## ASSIGNMENT
Could the data below be printed out exactly, with the pictures left out?

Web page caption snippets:

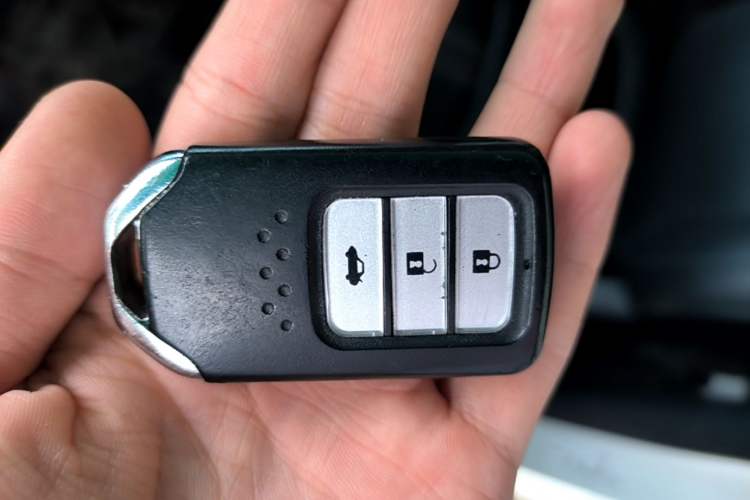 Used Honda Crider 2019 180 Turbo CVT Flagship Version China V Emission Standard Vehicle Key
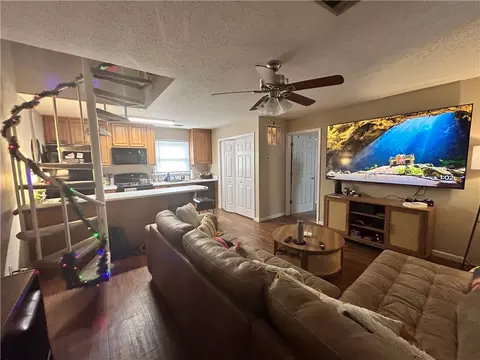 528 Genelda Ave #40, Auburn, AL 36832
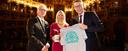 Prof. Dr. Dr. h.c. Stefan Leible,  Dr. Silke Launert und der Bayerische Wissenschaftsminister Markus Blume beim Festakt zum 50. Jubiläum der Universität Bayreuth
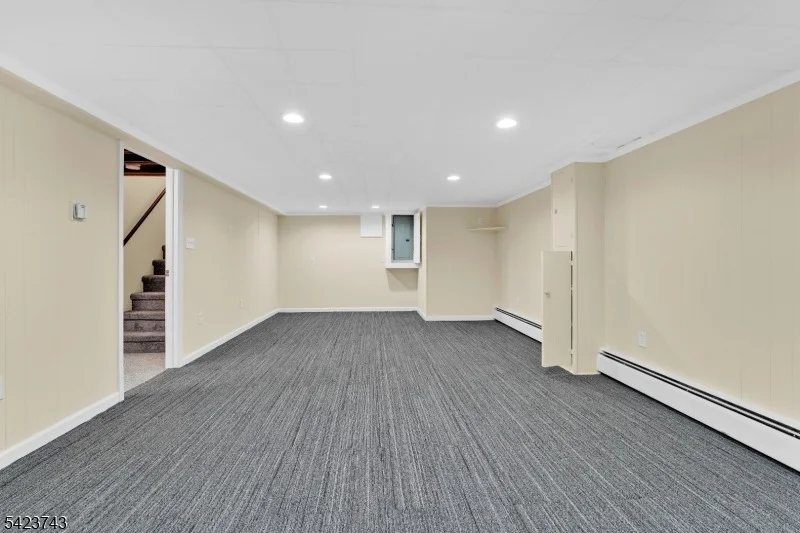 Photo of 16 Lingert Ave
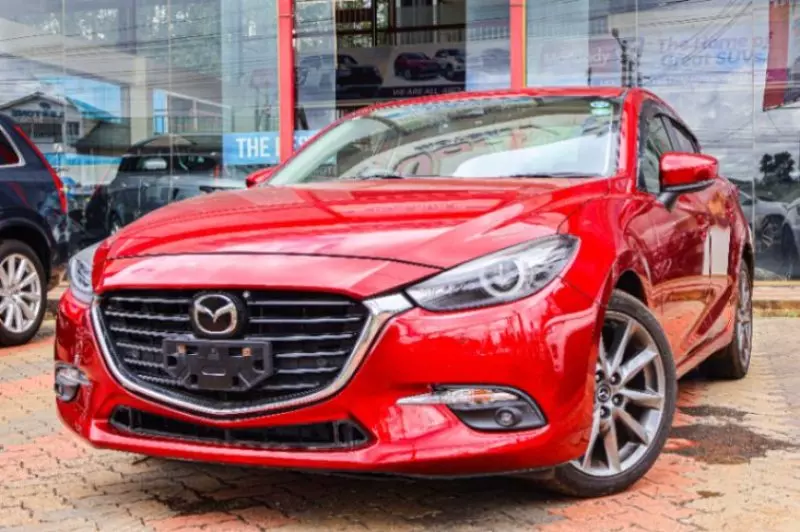 Mazda Axela    - 2018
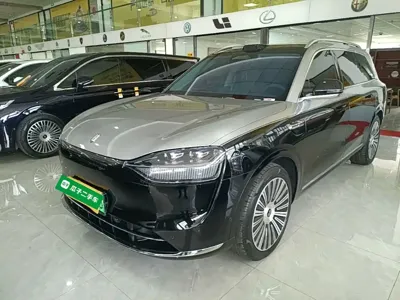 AITO 问界 AITO M9 · 2025 год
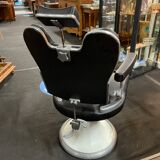 Barber's armchair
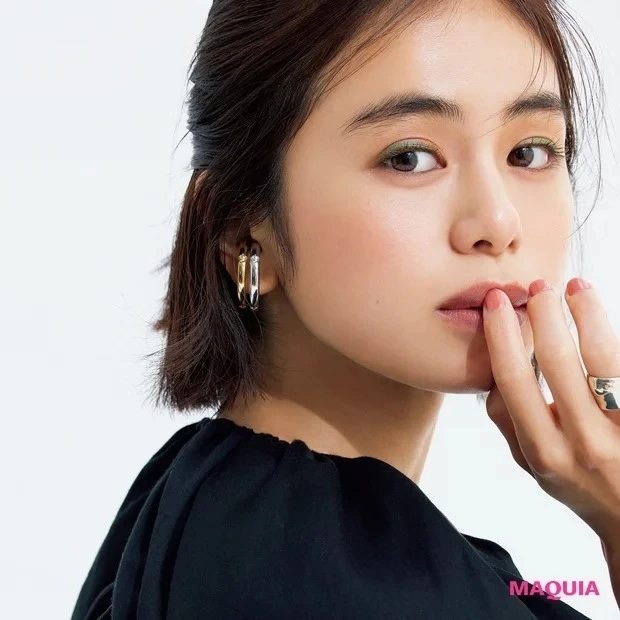 おすすめのカラーアイライナー・ミルキー＆パステル系カラー_＋抜け感カラーでまろやかさキープ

## SOLVED EXERCISE
 Used Honda Crider 2019 180 Turbo CVT Flagship Version China V Emission Standard Vehicle Key
 528 Genelda Ave #40, Auburn, AL 36832
 Prof. Dr. Dr. h.c. Stefan Leible,  Dr. Silke Launert und der Bayerische Wissenschaftsminister Markus Blume beim Festakt zum 50. Jubiläum der Universität Bayreuth
 Photo of 16 Lingert Ave
 Mazda Axela    - 2018
 AITO 问界 AITO M9 · 2025 год
 Barber's armchair
 おすすめのカラーアイライナー・ミルキー＆パステル系カラー_＋抜け感カラーでまろやかさキープ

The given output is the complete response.